Triple Cask Satsuma 1984 - "Airfix modeling"




Update: New review by Nonjatta contributor Serge Valentin added. Scroll below my review.

Ah, the glue, the glue! One whiff of this whisky sent me right back to my childhood days making Airfix kits of Hurricanes and Spitfires in the tiny top room of our house. Airfix modeling was kind of like the good boy's glue sniffing in those days. I used to squeeze way too much of the solvent based adhesive onto the models, so that it actually melted the wings. The smell in that room with door closed was powerful. I used to come out high.

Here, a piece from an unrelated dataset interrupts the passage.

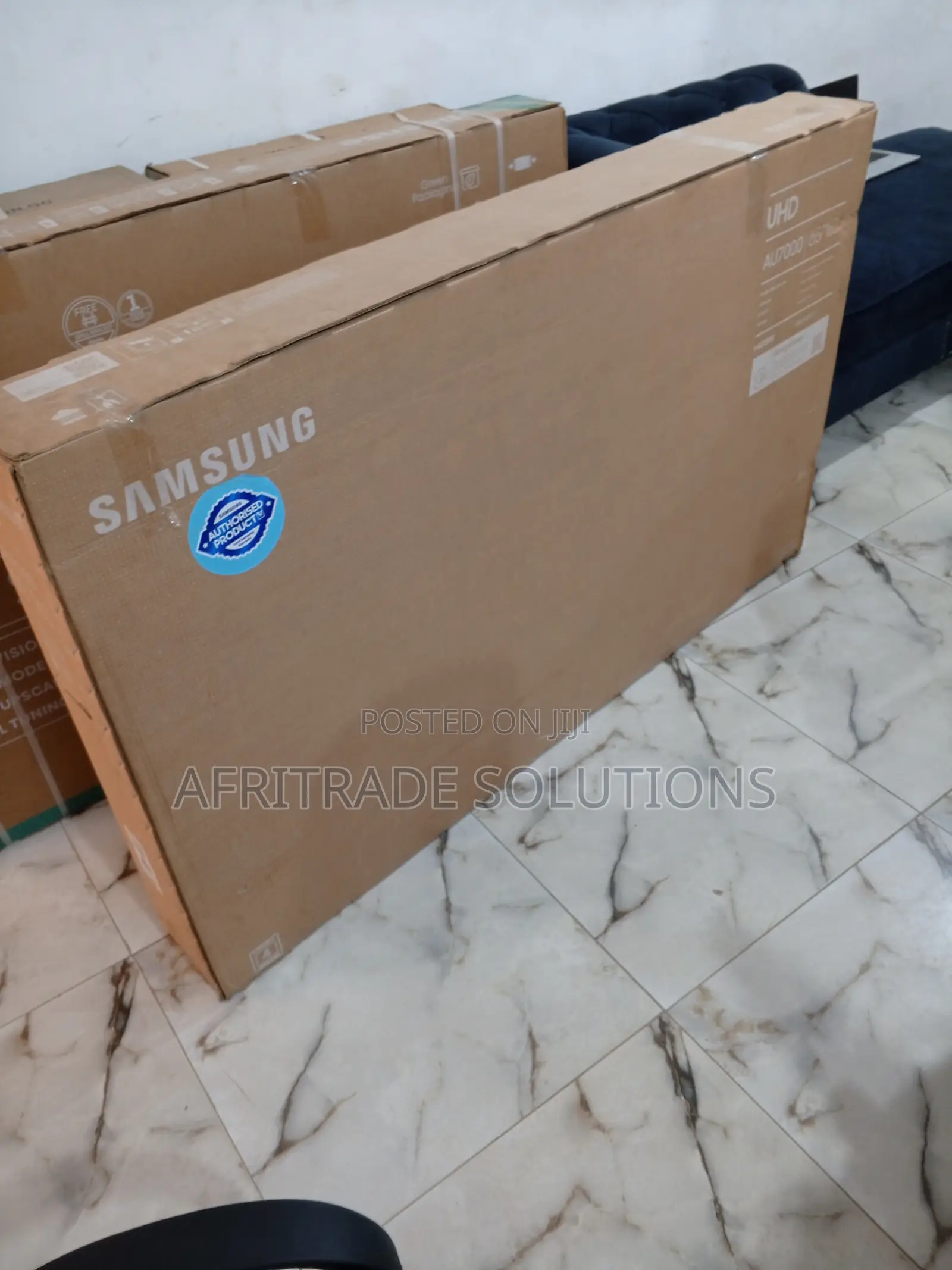 Brand New 65" AU7000 UHD Smart TV - Samsung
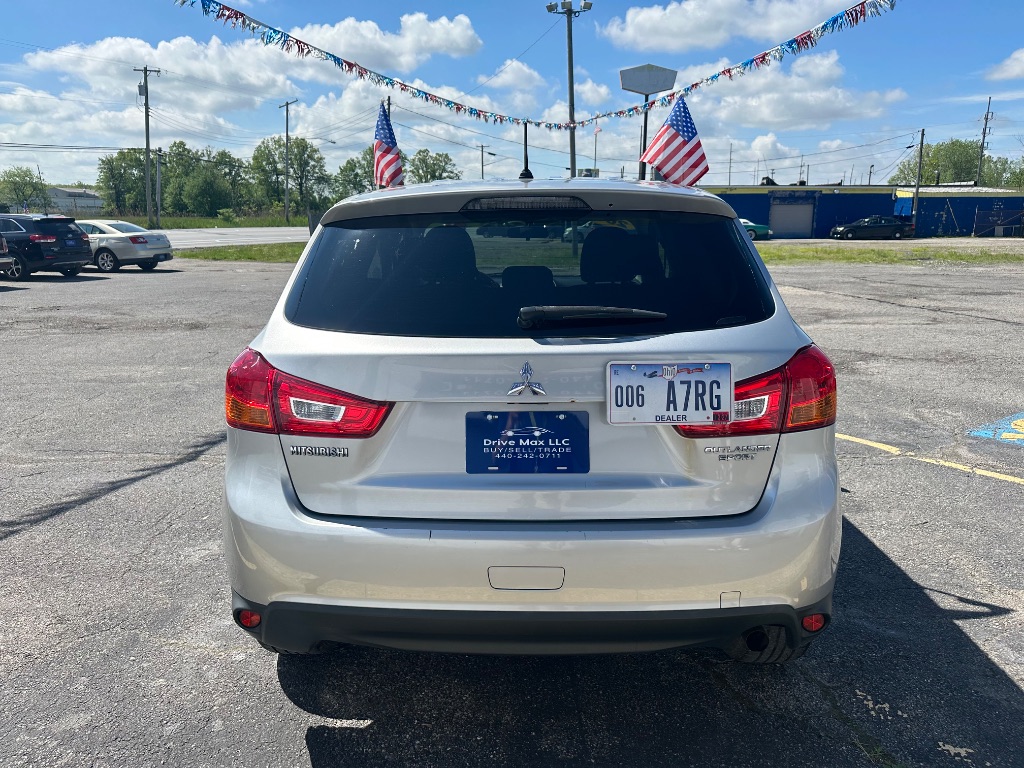 2014 Mitsubishi Outlander Sport ES photo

Once back in the old glue room, I also detected a mown field, greengage plums, a box of travel sweets on this 1984 Satsuma but that may have just been the high. In the mouth, it was predictably boisterous but there was an organised core to the flavour - a well rounded brandy - that made it quite drinkable. Then the solvents kicked back in, like I had licked that glue covered cockpit. Not for the faint hearted but then neither was Airfix modeling.

The 1984 Satsuma is from three casks distilled at Hombo's old Kagoshima distillery in the early 1980s, aged for 20 years in sherry casks and bottled in 2004. As I explain on the Kagoshima page, it is a bit of an oddity and for that reason alone has a certain appeal. In my opinion, it is priced well above its taste bracket but it is definitely worth a tipple if you get the chance.

Review by Nonjatta contributor - Serge Valentin

Visit Serge`s website, the definitive Whiskyfun.com.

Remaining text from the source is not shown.